[TASK DESCRIPTION] Your reply should reproduce each line below exactly and carry none of the pictures.

[DATASET CONTENT]

§ §

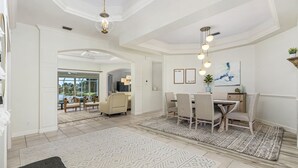 Un'ampia sala da pranzo con soffitto alto e illuminazione a sospensione, una grande finestra con vista sull'esterno e un tavolo imbandito con sedie.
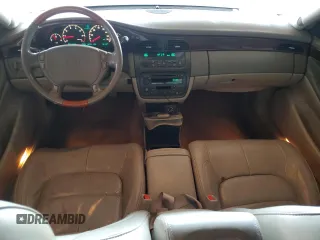2001 Cadillac DeVille DHS z VIN 1G6KE57Y41U150631, wystawiony jako Copart lot #61805295 z przebiegiem 96 158 mil mil oraz Czysty tytuł • Clean title. Historia ofert i sprzedaży dostępna na DreamBid. Obrazek 8.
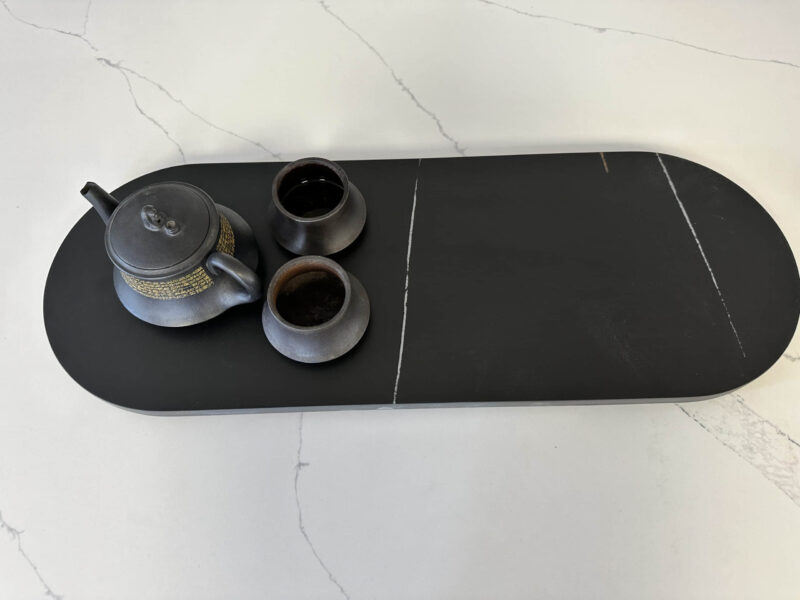 Black teapot and cups on a dark serving tray.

§ §

[RESPONSE TO THE TASK]
 Un'ampia sala da pranzo con soffitto alto e illuminazione a sospensione, una grande finestra con vista sull'esterno e un tavolo imbandito con sedie.
2001 Cadillac DeVille DHS z VIN 1G6KE57Y41U150631, wystawiony jako Copart lot #61805295 z przebiegiem 96 158 mil mil oraz Czysty tytuł • Clean title. Historia ofert i sprzedaży dostępna na DreamBid. Obrazek 8.
 Black teapot and cups on a dark serving tray.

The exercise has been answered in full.